Tom, Wednesday, 4 July 2001 00:00 (twenty-four years ago)

(Reverse-chron order)Sleater-Kinney, Bikini Kill, Free Kitten, Lilliput, etc. Greil Marcus has been sitting in the corner for twenty years, waiting, just BURSTING with the need for somebody to ask him in boorish fashion, "So who do you fancy then", so he can get up and proudly say, "Helene Cisoux!"

tarden, Wednesday, 4 July 2001 00:00 (twenty-four years ago)

The problem is that SK aren't what Greil makes them out to be, that he doesn't see this "straining to make their voice heard" thing as a self-imposed myth. That SK are in fact very much afraid of their own voice, sort of trapped in an indie-insularity which limits and defines their greatness. Tom's right, Greil looks for the "old weird america" like he's searching for his New Deal homeland. He's a dinosaur, adrift in and scared by the modern world, afraid to live life as it now exists. Which is what he scares with SK, and much of the music he likes -- the sense of rootlessness. The passion of both comes through railing against self-imposed limitations, a refusal to engage with an admittedly ugly society. As such, unlike the worst of indie, SK's faults are not turned into virtues. Rather, they simply blame their faults on society. Witness the moral angsting on #1 Must Have. A terrific song, but the fear of co-option is not from the actual danger of co-option, but the threat that acceptance by a mass market will reveal how little "dangerous" there was to co-opt in the first place.

Sterling Clover, Wednesday, 4 July 2001 00:00 (twenty-four years ago)

Helene Cisioux surely. Sioux Cisioux's rad- fem sister. [Tries to think of hilarious Banshees-Lacan joke: fails, to obvious relief of bystanders]

Disrupts = radical = revolutionary = tiredest old trope in the critic's handbook (as Paul De Man has noted *audible Kif-style sigh from onlookers* the words "critic" and "crisis" are intimately linked...): and GM is BY NO MEANS the worst offender here, as we all know. That is, he reaches for OTHER things to disrupt and test him all the time.
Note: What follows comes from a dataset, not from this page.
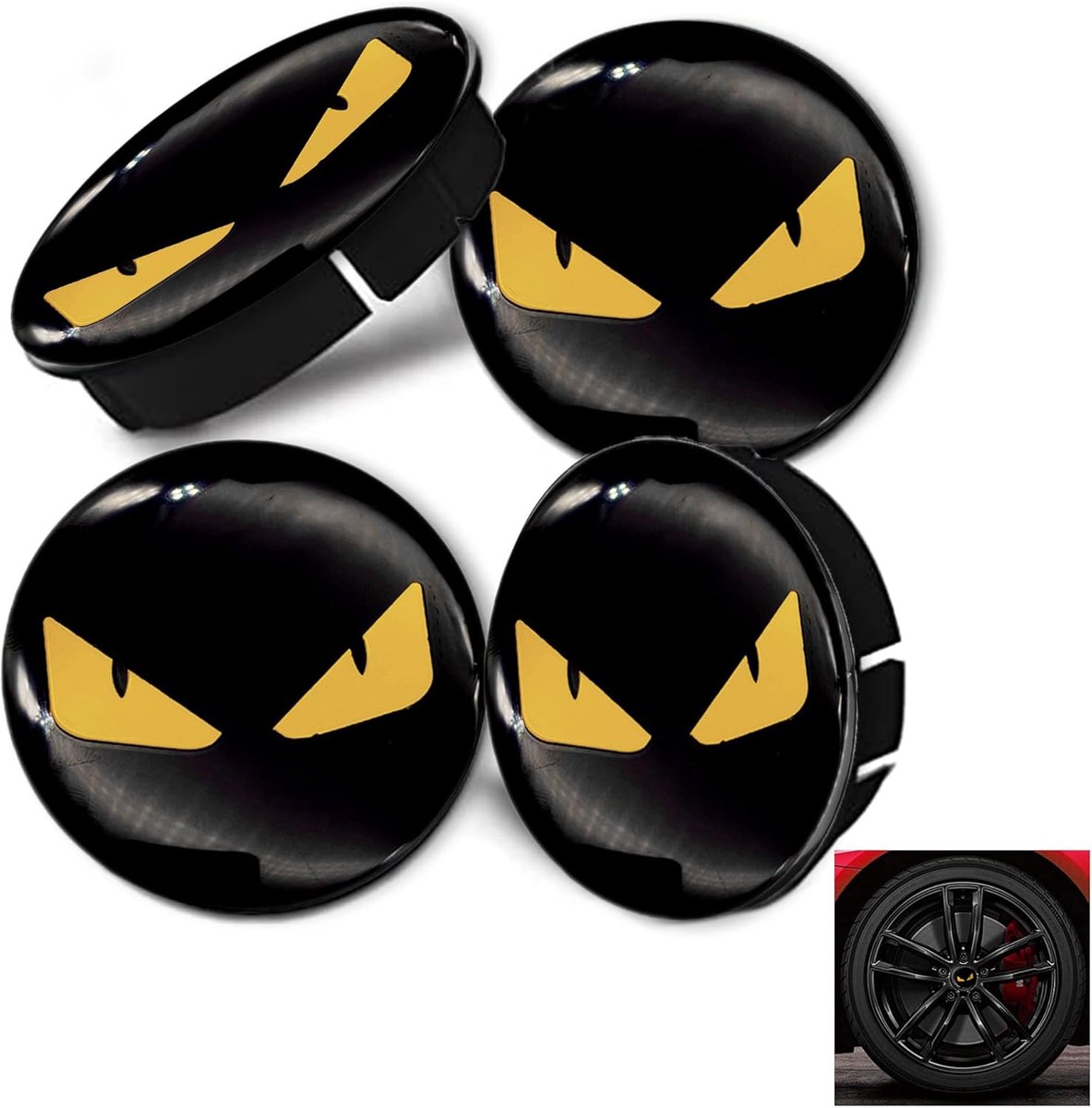4 Pieces Aluminum Wheel Trims Hub Caps Universal Black Hub Caps Compatible with 56mm Wheel Covers - ShopVlot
But I chuckled when he dissed Destiny's Child's midriffs as "corporate"...

(ps if midriff = yr tummy, then wot riff = yr head? topriff?)

mark s, Wednesday, 4 July 2001 00:00 (twenty-four years ago)

I think my problem with GM (who is disrupting *me* after all so I should ask this kind of stuff) is partly just My Problem - I'm reading for what I expect to find in there and so when he does write about other stuff (in fairness, often assuming an American cultural context I don't possess) I tune it out or don't get it. Also it's worth pointing out that the myth of disruption is like the myth of Santa - you wish it were true and so reading crits like GM who believe it or say they do is its own comfort.

Tom, Wednesday, 4 July 2001 00:00 (twenty-four years ago)

Why are they trapped in indie-insularity, Sterl? I've never quite gotten you on this point.

Josh, Wednesday, 4 July 2001 00:00 (twenty-four years ago)

Maybe critics' game plans become a little too obvious (thus prose gets less interesting) when their search for proxies (e.g. for 'New/Old-Weird America') overwhelms their perception and critical judgement of the here-and-now. Why do people need proxies, or radio stations either?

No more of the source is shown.